> Instructions for the task: Please copy exactly the lines from the top of the data through the line containing "Bacterial Plasmids and", and nothing else.

(Collection entries)
= = =

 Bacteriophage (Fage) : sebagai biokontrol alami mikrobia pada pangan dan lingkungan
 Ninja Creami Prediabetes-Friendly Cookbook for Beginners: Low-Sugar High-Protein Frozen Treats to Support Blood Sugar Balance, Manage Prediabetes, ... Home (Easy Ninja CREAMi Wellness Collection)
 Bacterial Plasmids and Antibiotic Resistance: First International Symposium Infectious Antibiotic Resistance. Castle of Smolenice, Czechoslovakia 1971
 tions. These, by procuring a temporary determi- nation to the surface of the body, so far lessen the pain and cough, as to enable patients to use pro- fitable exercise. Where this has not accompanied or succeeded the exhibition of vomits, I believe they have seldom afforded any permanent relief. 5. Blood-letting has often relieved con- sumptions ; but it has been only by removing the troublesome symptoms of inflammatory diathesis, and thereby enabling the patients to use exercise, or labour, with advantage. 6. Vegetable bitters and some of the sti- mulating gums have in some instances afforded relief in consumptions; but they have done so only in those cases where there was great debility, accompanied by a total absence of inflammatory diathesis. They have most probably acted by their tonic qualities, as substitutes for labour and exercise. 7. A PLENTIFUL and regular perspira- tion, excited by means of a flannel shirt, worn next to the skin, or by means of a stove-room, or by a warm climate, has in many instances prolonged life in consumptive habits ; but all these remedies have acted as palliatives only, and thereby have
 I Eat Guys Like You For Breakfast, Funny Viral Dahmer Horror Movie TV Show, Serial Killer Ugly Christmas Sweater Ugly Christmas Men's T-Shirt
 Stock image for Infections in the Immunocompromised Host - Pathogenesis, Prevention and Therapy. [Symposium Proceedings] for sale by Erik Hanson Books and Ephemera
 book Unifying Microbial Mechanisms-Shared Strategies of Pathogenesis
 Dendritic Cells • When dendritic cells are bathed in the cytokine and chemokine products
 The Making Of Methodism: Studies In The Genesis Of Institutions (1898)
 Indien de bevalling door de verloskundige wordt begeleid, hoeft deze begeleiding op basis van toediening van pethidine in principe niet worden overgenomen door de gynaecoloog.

= = =

> Problem solution:
 Bacteriophage (Fage) : sebagai biokontrol alami mikrobia pada pangan dan lingkungan
 Ninja Creami Prediabetes-Friendly Cookbook for Beginners: Low-Sugar High-Protein Frozen Treats to Support Blood Sugar Balance, Manage Prediabetes, ... Home (Easy Ninja CREAMi Wellness Collection)
 Bacterial Plasmids and Antibiotic Resistance: First International Symposium Infectious Antibiotic Resistance. Castle of Smolenice, Czechoslovakia 1971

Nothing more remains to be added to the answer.